Work to be completed -> Give the listing again character for character, but drop the images.

Data supplied START

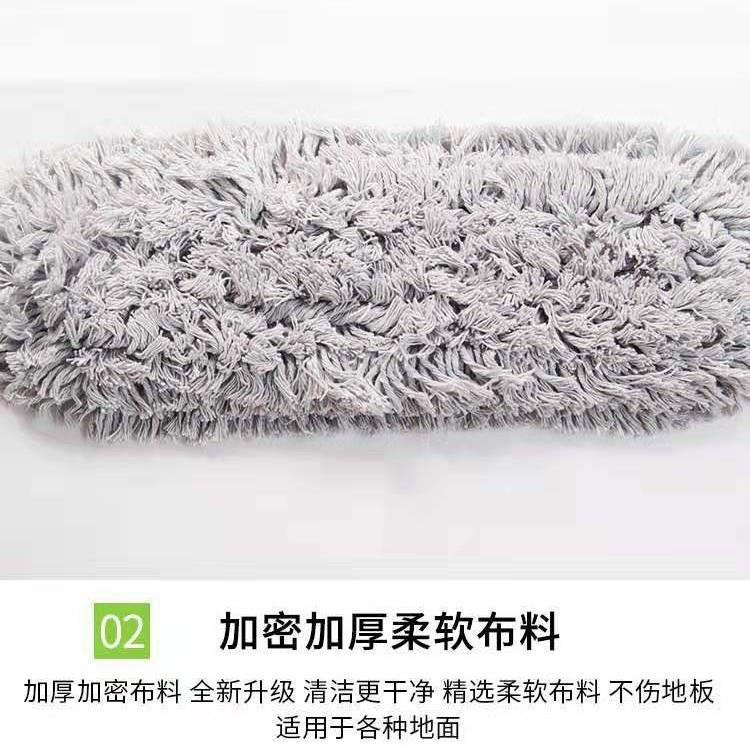 特厚替换布60cm90cm拖把大号尘推棉线拖把布头地拖排拖配件 - 图0
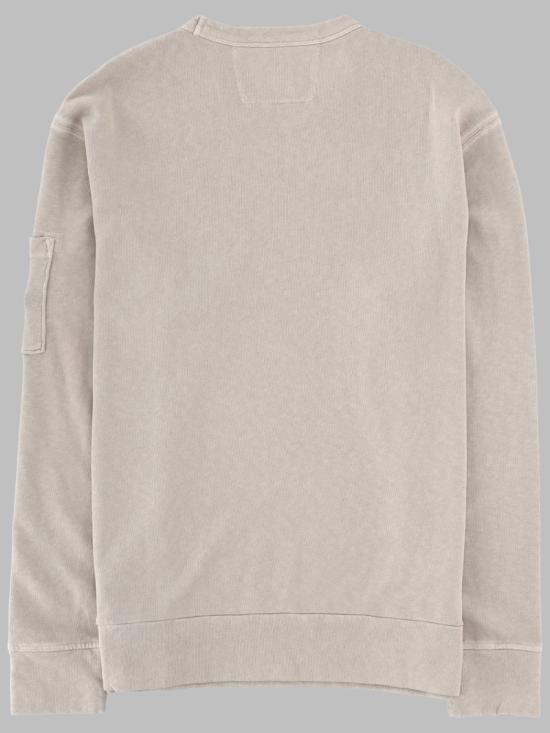 26SS 씨피 컴퍼니 긴팔 티셔츠 20CMSS207A 110337O904 DOVE - C.P. COMPANY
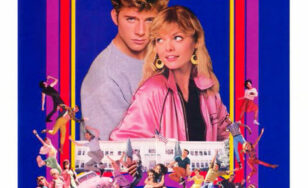 Poster for the movie "Grease 2"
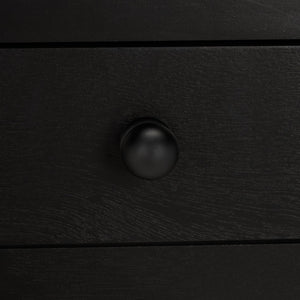 Safavieh Haven 2-drawer Wood Desk - Elevate Your Home Office With Style, Functionality, And Natural Elegance Matte Black , Wood Dsk5715b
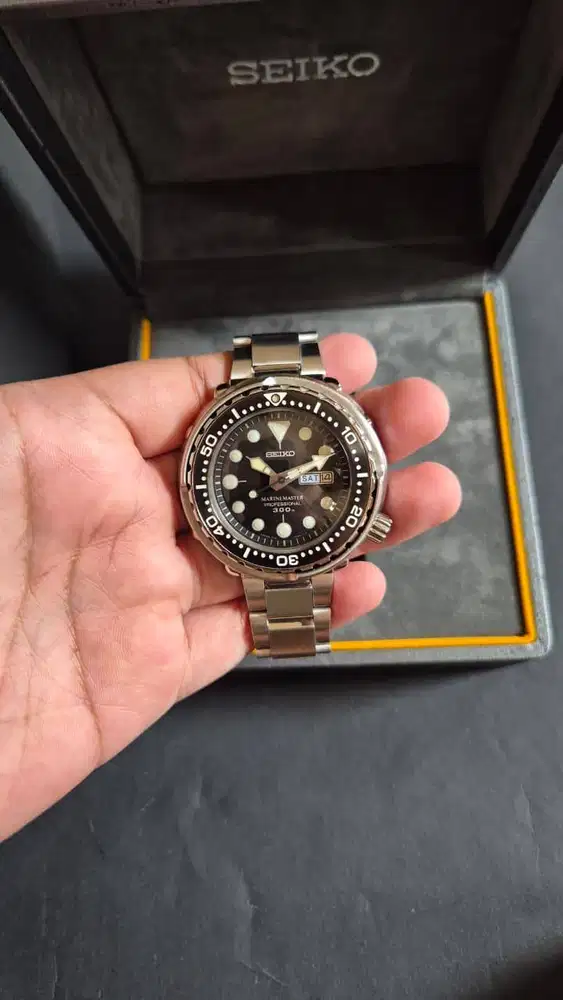Seiko Prospex Tuna Marinemaster Professional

Data supplied END

Exercise output ->
 特厚替换布60cm90cm拖把大号尘推棉线拖把布头地拖排拖配件 - 图0
 26SS 씨피 컴퍼니 긴팔 티셔츠 20CMSS207A 110337O904 DOVE - C.P. COMPANY
 Poster for the movie "Grease 2"
 Safavieh Haven 2-drawer Wood Desk - Elevate Your Home Office With Style, Functionality, And Natural Elegance Matte Black , Wood Dsk5715b
Seiko Prospex Tuna Marinemaster Professional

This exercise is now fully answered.